Numerical Simulation

First genereate the multivariate Student $t$ data. Let us make it a function for late usage

genX <- function(N = 10, T = round(N*1.1), nu = 5, mu = rep(0, N)) {
  U <- t(mvtnorm::rmvnorm(n = round(1.1*N), sigma = 0.1*diag(N)))
  Sigma <- U %*% t(U) + diag(N)
  Sigma_scale <- (nu-2)/nu * Sigma
  X <- mvtnorm::rmvt(n = T, delta = mu, sigma = Sigma_scale, df = nu)
  return(X)
}

Then define functions for estimate $\nu$ via kurtosis, note the $X$ will be melt into a vector inside the function.

excess_kurtosis_unbias <- function(x) {
  x <- as.vector(x)
  T <- length(x)
  excess_kurt <- PerformanceAnalytics::kurtosis(x, method = "excess") # mean(x_demean^4) / (mean(x_demean^2))^2 - 3
  excess_kurt_unbias <- (T-1) / (T-2) / (T-3) * ((T+1)*excess_kurt + 6)
  return(excess_kurt_unbias)
}

excess_kurtosis_unbias_daniel <- function(Xc) {
  # Xc <- scale(Xc, center = TRUE, scale = TRUE)  # this doesn't make any distinguishable difference
  Xc <- cbind(Xc)
  T <- nrow(Xc)
  Xc <- scale(Xc, center = TRUE, scale = FALSE)
  ki <- colMeans(Xc^4)/colMeans(Xc^2)^2 - 3
  k <- mean(ki)
  k_improved <- (T-1)/((T-2)*(T-3)) * ((T+1)*k + 6)
  return(k_improved)
}

tmp <- rnorm(10)
excess_kurtosis_unbias(tmp)
excess_kurtosis_unbias_daniel(tmp)

est_nu_kurtosis <- function(X, comb_fun = mean) {
  X <- cbind(as.vector(scale(X, center = TRUE, scale = TRUE)))
  kurt <- apply(X, 2, excess_kurtosis_unbias)
  kappa <- max(-2/(ncol(X)+2), comb_fun(kurt)/3)
  nu <- 2 / kappa + 4
  # in case of some funny results
  if (nu < 2) nu <- 2
  if (nu > 100) nu <- 100

  return(nu)
}

Compare estimation performance with $T$ changes

repeate <- 1e3
N <- 10
T_pool <- 10:20
res <- list()
for (i in 1:length(T_pool)) {
  T <- T_pool[i]
  # print(T)
  res[[i]] <- sapply(1:repeate, function(idx) {est_nu_kurtosis(genX(N = N, T = T))})
}

sapply(res, median)

library(ggplot2)
data <- reshape2::melt(data.frame("T" = T_pool, do.call(rbind, res)), id.vars = "T")
data$T <- as.factor(data$T)
ggplot(data, aes(x = T, y = value)) + geom_boxplot()
# ggplot(data, aes(x = T, y = value)) + geom_violin()

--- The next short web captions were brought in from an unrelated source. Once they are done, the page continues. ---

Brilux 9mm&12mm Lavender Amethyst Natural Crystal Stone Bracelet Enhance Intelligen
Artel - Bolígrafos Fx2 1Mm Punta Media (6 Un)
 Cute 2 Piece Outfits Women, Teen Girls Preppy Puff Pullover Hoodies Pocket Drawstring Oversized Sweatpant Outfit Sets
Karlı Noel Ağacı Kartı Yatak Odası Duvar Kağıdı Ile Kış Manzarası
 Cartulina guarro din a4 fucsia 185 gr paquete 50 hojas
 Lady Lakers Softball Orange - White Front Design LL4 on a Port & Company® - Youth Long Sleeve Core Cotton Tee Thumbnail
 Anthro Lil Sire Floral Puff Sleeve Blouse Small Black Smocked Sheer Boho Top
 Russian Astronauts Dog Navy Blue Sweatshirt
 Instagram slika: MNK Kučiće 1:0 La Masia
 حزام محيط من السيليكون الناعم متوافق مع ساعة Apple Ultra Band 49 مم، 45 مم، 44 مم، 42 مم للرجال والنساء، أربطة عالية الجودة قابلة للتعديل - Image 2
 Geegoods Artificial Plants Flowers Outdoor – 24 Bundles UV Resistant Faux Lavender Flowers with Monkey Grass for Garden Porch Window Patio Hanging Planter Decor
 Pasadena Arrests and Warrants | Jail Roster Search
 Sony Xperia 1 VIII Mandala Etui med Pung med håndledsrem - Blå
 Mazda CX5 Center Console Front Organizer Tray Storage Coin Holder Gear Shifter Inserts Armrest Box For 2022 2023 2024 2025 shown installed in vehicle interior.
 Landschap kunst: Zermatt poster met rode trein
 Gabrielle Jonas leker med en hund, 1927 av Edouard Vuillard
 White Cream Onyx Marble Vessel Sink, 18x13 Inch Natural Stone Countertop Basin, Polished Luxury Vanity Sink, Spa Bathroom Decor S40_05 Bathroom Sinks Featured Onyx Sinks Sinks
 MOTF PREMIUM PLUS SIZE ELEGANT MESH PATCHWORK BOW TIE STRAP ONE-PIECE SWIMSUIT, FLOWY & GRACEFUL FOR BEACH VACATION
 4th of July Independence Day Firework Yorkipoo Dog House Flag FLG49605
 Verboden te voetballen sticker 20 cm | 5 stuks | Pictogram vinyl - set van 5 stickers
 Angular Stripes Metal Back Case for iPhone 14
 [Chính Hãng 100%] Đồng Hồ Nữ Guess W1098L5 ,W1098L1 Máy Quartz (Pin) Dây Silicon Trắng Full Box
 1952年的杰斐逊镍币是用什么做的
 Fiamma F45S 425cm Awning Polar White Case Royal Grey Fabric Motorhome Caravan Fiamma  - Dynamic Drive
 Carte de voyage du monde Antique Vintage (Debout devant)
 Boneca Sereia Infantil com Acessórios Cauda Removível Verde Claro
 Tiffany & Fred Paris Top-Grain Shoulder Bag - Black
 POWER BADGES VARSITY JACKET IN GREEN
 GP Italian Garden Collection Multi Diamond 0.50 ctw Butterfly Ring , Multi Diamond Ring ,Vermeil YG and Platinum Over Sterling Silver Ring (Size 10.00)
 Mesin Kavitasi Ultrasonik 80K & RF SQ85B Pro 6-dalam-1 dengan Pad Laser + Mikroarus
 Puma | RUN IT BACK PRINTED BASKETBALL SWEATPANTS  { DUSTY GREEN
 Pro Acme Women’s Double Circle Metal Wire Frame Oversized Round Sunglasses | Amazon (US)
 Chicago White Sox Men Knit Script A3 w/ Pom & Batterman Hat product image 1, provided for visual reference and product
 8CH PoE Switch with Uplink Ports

It seems that using the kurtosis to estimate $\nu$ gives can probably provide us a meansing reference. However, we notice $\hat{\nu}$ still has some outliers. So we should use it as a regularization target, and the weight should be decreased with $T/N$ increases.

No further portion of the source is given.